## Exercise goal:
Here the job is to transcribe the data verbatim while leaving each picture out.

─── Data excerpt

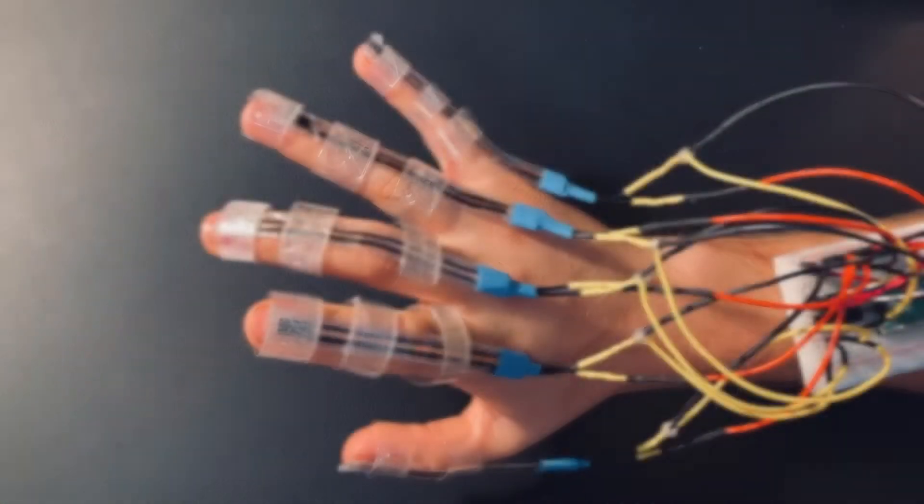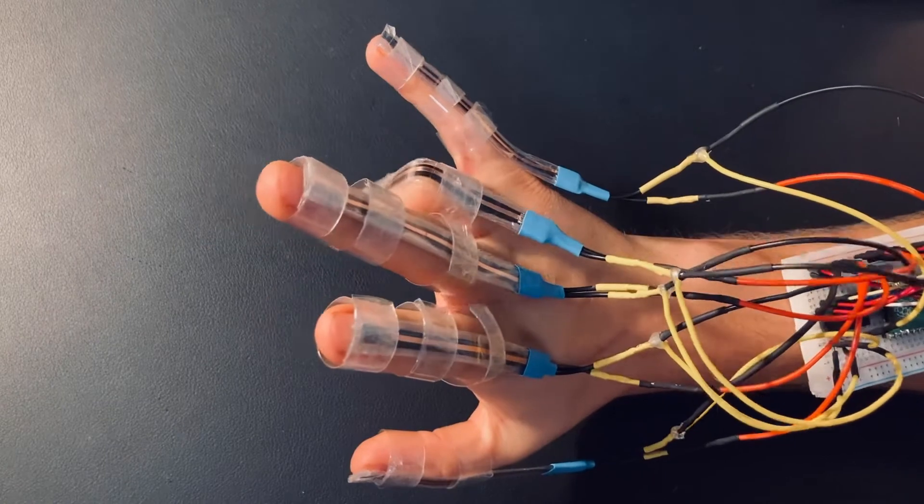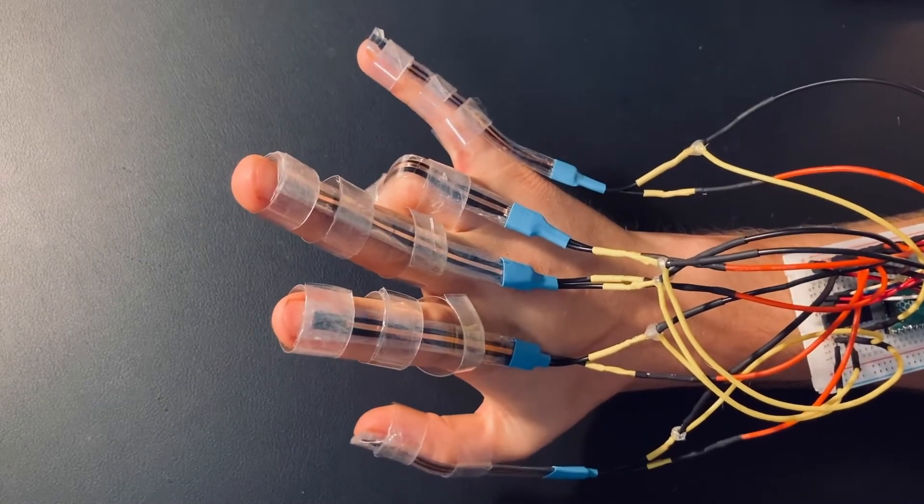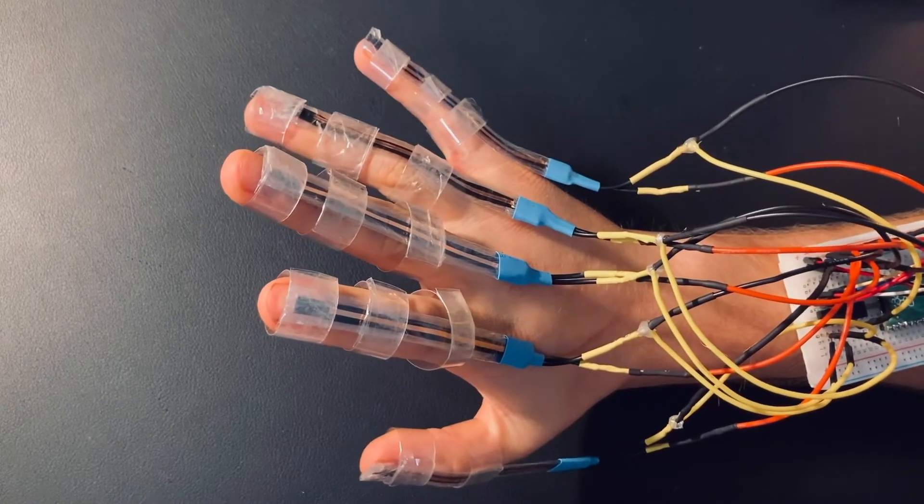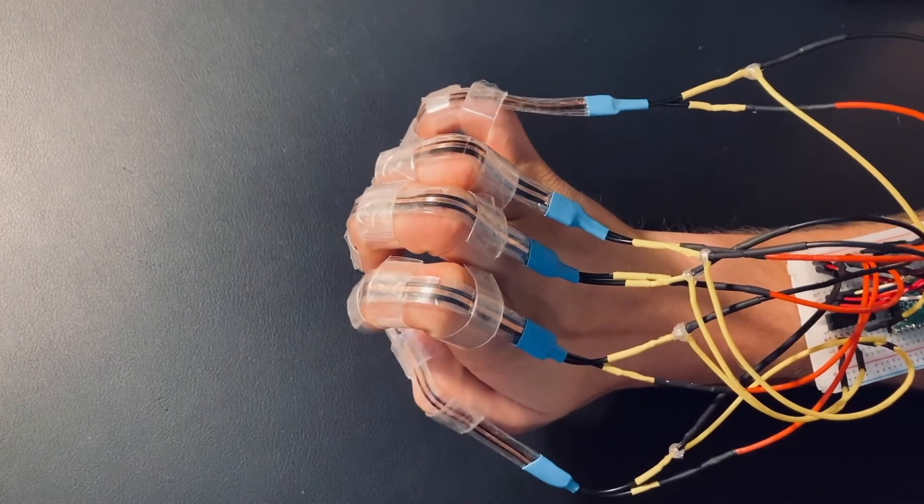We are going to give away 5 MCP3008 analog to digital converters, so stick around all the way to the end to learn how to enter the giveaway.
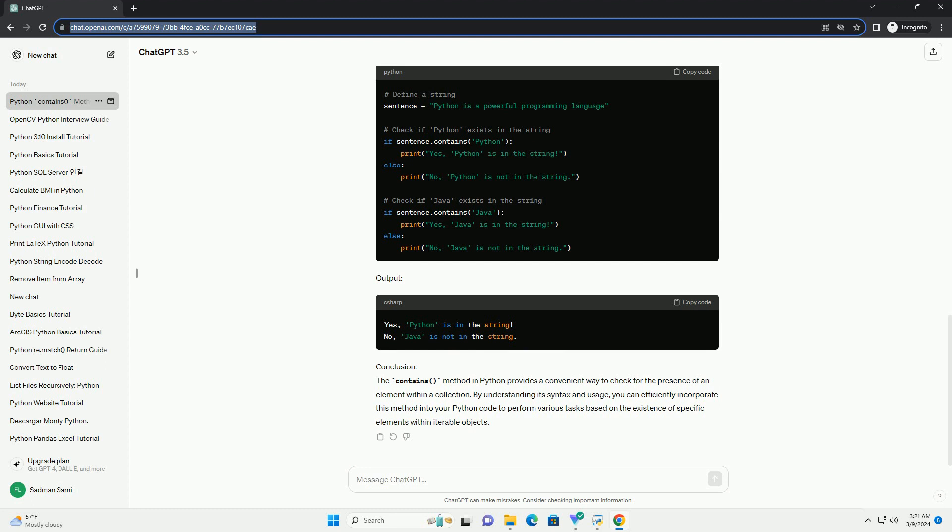Output. Conclusion: The contains method in Python provides a convenient way to check for the presence of an element within a collection. By understanding its syntax and usage, you can efficiently incorporate this method into your Python code to perform various tasks based on the existence of specific elements within iterable objects.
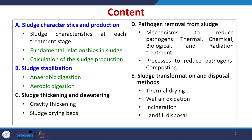Welcome everyone in this NPTEL online certification course. Today we will continue with the previous lecture on sludge management. In the previous lecture we understood the different sections of sludge management and started discussing sludge characteristics and production. Today we will focus on the fundamental relationship in sludge, further calculation of total sludge produced, and begin the section on sludge stabilization covering anaerobic and aerobic sludge stabilization.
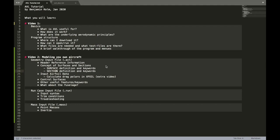Hi, this is Benjamin again and this is the second video of a video series about AVL. AVL is a very useful and handy tool for aerodynamic and flight dynamic calculation.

──────

## Exercise result:
We are going to give away 5 MCP3008 analog to digital converters, so stick around all the way to the end to learn how to enter the giveaway.
Output. Conclusion: The contains method in Python provides a convenient way to check for the presence of an element within a collection. By understanding its syntax and usage, you can efficiently incorporate this method into your Python code to perform various tasks based on the existence of specific elements within iterable objects.
Welcome everyone in this NPTEL online certification course. Today we will continue with the previous lecture on sludge management. In the previous lecture we understood the different sections of sludge management and started discussing sludge characteristics and production. Today we will focus on the fundamental relationship in sludge, further calculation of total sludge produced, and begin the section on sludge stabilization covering anaerobic and aerobic sludge stabilization.
Hi, this is Benjamin again and this is the second video of a video series about AVL. AVL is a very useful and handy tool for aerodynamic and flight dynamic calculation.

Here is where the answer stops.